## WHAT YOU NEED TO DO
Range to repeat from the listing below: the line containing "Used 2022 Nissan Rogue Sport SL FWD image 4" down to the line containing "Adosado en alquiler", both included. Copy it exactly, pictures excluded, and add nothing else.

## RECORD EXCERPTS
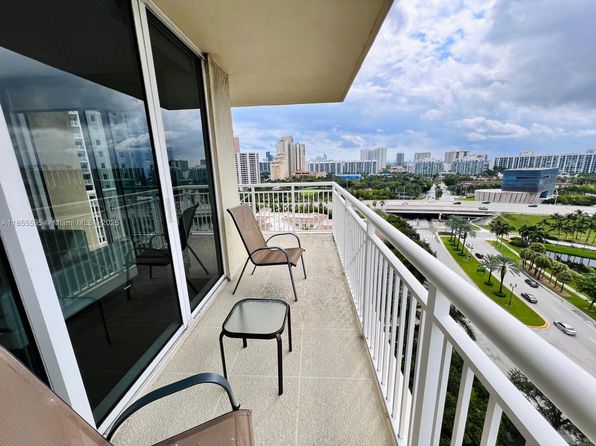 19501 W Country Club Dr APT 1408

--

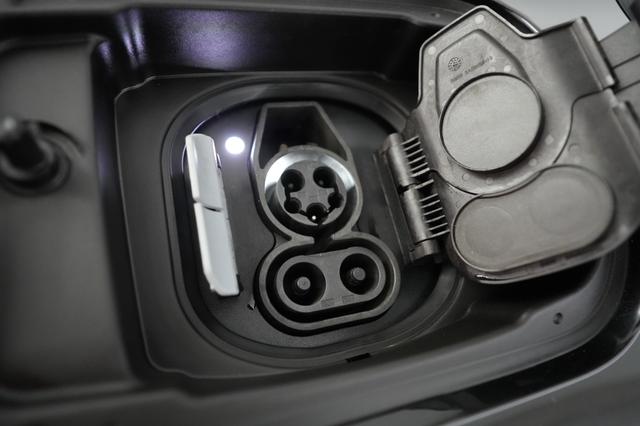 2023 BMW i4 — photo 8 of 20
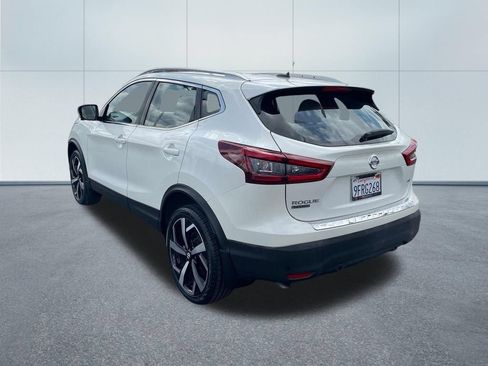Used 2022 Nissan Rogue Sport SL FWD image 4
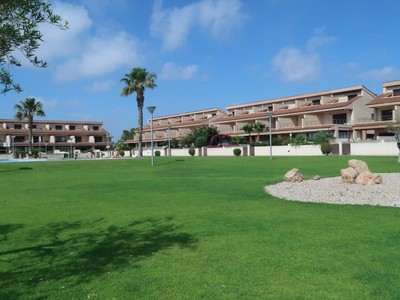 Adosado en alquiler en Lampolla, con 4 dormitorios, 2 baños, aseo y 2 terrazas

---

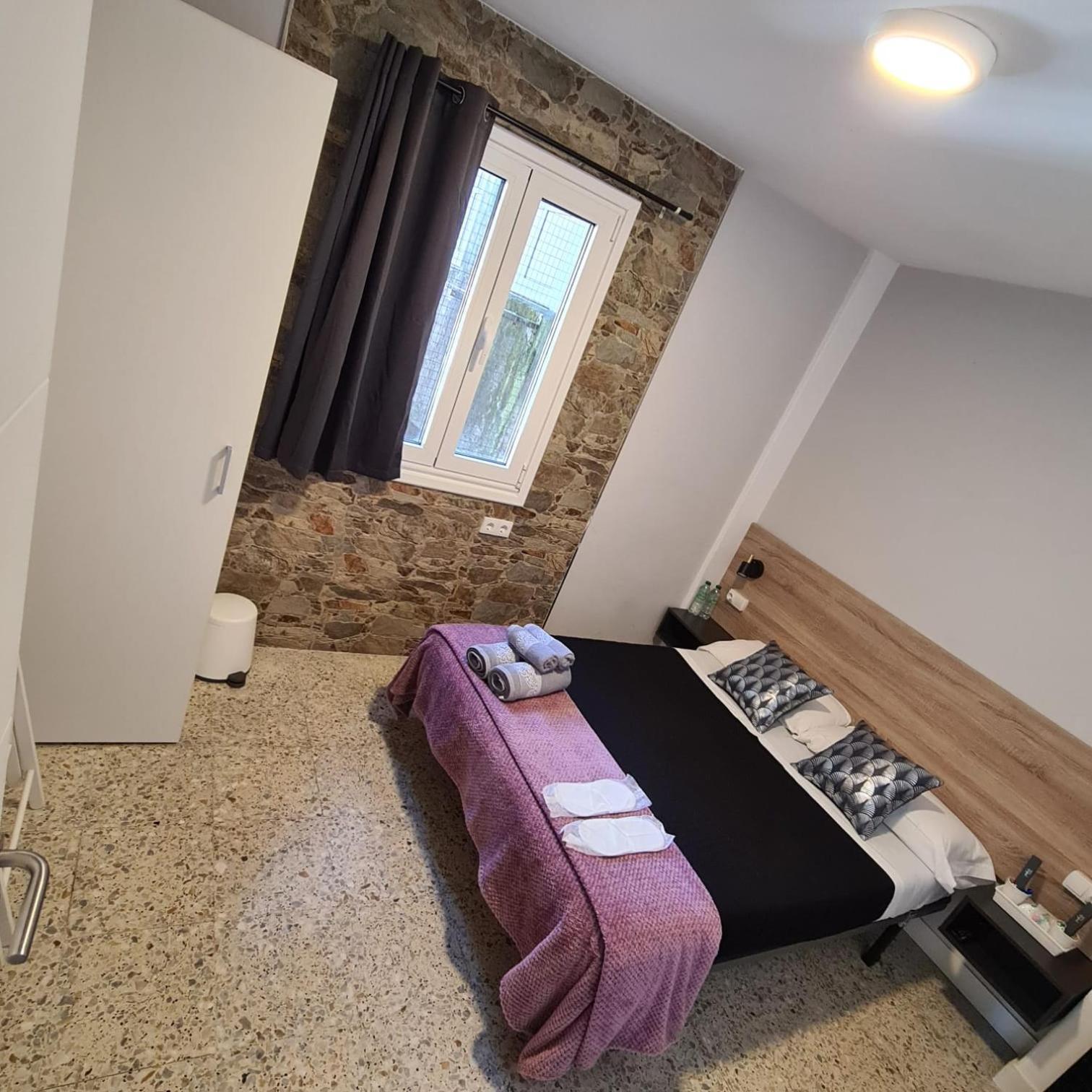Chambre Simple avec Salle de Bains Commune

## RESULT FOR THIS EXERCISE
Used 2022 Nissan Rogue Sport SL FWD image 4
 Adosado en alquiler en Lampolla, con 4 dormitorios, 2 baños, aseo y 2 terrazas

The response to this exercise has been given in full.